Henry put them up.

“It's all right, man. It's only Beechtree,” said another voice, after a moment's inspection, and Henry, though he loved not the Morning Post, blessed its correspondent.

“Good Lord, you're right.... What are you doing here, Beechtree? Is your paper in this damned Republican plot, as well as Sinn Fein, Bolsheviks, Germans, and the Pope? I wouldn't put it past the British Bolshevist to have a finger in it——”

“Indeed, no,” said Henry. “You are quite mistaken, Macdermott. This plot is being run by armament profiteers, White Russia, and Protestant ministers. They're all down here doing it now. I am tracking them. And His Holiness, you remember, sent an encouraging message to the Assembly——”

“The sort of flummery he would encourage.... I beg your pardon, Beechtree. We will not discuss religion: not to-night. Time is short. How did you get into this rat-trap? And whom, precisely, are you tracking?”

“Through a trappon in an archway off the Passage de Monnetier. And I am tracking Wilbraham, Sir John Levis, M. Kratzky, and a Protestant clergyman, who all preceded me through it. But I don't know in the least where they have got to. There are so many ramifications in this affair. I took it for a single tunnel, but it seems to be a regular system.”

“It is,” said Garth. “It extends on the other side of the water too. We got into it this evening through that house in the Place Cornavin where Macdermott was bilked by a Sinn Feiner.”

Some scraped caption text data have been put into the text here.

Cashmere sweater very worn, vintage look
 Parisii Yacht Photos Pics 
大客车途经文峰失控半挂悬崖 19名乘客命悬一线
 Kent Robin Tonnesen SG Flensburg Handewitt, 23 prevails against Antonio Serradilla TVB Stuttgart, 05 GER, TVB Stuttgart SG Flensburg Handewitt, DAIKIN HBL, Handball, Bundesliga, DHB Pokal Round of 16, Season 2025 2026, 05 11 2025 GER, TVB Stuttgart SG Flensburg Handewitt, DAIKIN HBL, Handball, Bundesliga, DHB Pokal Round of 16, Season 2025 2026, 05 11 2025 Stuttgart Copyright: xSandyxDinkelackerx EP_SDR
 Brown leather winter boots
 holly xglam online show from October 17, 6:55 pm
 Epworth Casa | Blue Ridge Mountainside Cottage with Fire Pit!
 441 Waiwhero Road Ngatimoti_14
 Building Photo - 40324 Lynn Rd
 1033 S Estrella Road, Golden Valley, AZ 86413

“We had our suspicions of that house ever since,” Macdermott went on; “so we went exploring this evening, and by the luck of God they'd gone out and left the door on the latch, so we slipped in and searched around, and found a trap-door in a cupboard—where they'd have shoved me down if they hadn't given up the idea half-way. It lets you down into a passage just like this, that runs down to the water and comes out in the courtyard of one of those tumble-down old pigeon-cotes by the Quai du Seujet. We came out there, and then tried over this side, through a trap by the Molard jetty I'd noticed before, and it led us here. There are dozens of these trappons on both sides. Lots of them are inside houses. I always thought they led only to cellars.... As to your four chaps, wherever they've got to, no doubt they're exploring too. Wilbraham in a plot! Likely.”

“It is,” said Henry. “Very likely indeed. There are plenty of facts about Wilbraham you don't know. I've been finding them out for several years. I shall lay them before Committee 9 to-morrow.”

The other two looked at him with the good-natured pity due to the correspondent of the British Bolshevist.